アレクサンダー・ジョン・エリス(Alexander John Ellis、1814年6月14日 – 1890年10月28日)は、イギリスの数学者、音声学者、文献学者、音響学者。英語の綴り字の改革を志した。また、さまざまな民族の音楽を研究し、音程にセントの概念を導入したことでも知られる。
アレクサンダー・ジョン・エリスは1814年にミドルセックスのホクストン(現在はグレーター・ロンドンの一部)で生まれた。姓ははじめシャープ(Sharpe)だったが、1825年に母方の姓に改めた。ケンブリッジ大学トリニティ・カレッジを1837年に卒業した。
エリスの本来の専門は数学であったが、音声研究の方で有名になった。1840年代にエリスは速記で有名なアイザック・ピットマンと協力して、音声的な正書法であるフォノタイピー(phonotypy)を開発し、その宣伝と普及につとめた。フォノタイピーのために作った新しい活字(フォノタイプ)は、通常の活字を180度回転させたり変形させたりしたものが含まれていた。一般向けにはグロシック(glossic)という英語の従来の正書法に近い表記も考案した。後にエリスは古い時代の英語の発音に研究の中心を移したが、そこでは音声の表記にフォノタイプではなく、より通常のアルファベットに近いペリオタイプ(palaeotype)という文字を使用した。ペリオタイプは国際音声記号に影響を与えた[1]ほか、オックスフォード英語辞典(OED)の発音記号の元になった(1989年の第二版では国際音声記号を使用)。

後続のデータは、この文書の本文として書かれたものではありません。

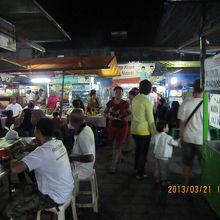 ローカルの方や観光客の方で賑わっている“センゴール”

エリスによる英語の発音史研究は主著『On Early English Pronunciation』全5巻にまとめられている。1889年に出版された第5巻では各地の方言の音声を記している。本来は全6巻になる予定だったが、最終巻を完成することなく1890年に没した。
エリスの興味は言語音のみならず、音楽理論にも及んだ。ヘルムホルツによる音響生理学の基礎をなす著作『音感覚論』(Die Lehre von den Tonempfindungen als physiologische Grundlage für die Theorie der Musik, 1864)を1875年に英語に翻訳したが、1885年に出版された英訳第2版には「翻訳者による附録」としてエリス自身による100ページ以上の文章が加えられており、この中でエリスは日本の楽器を含むさまざまな調律の研究結果を示している。
1872年-1874年および1880年-1882年には文献学会の会長をつとめた。1890年には英語の音声の歴史の研究によってケンブリッジ大学より栄誉博士号を得た。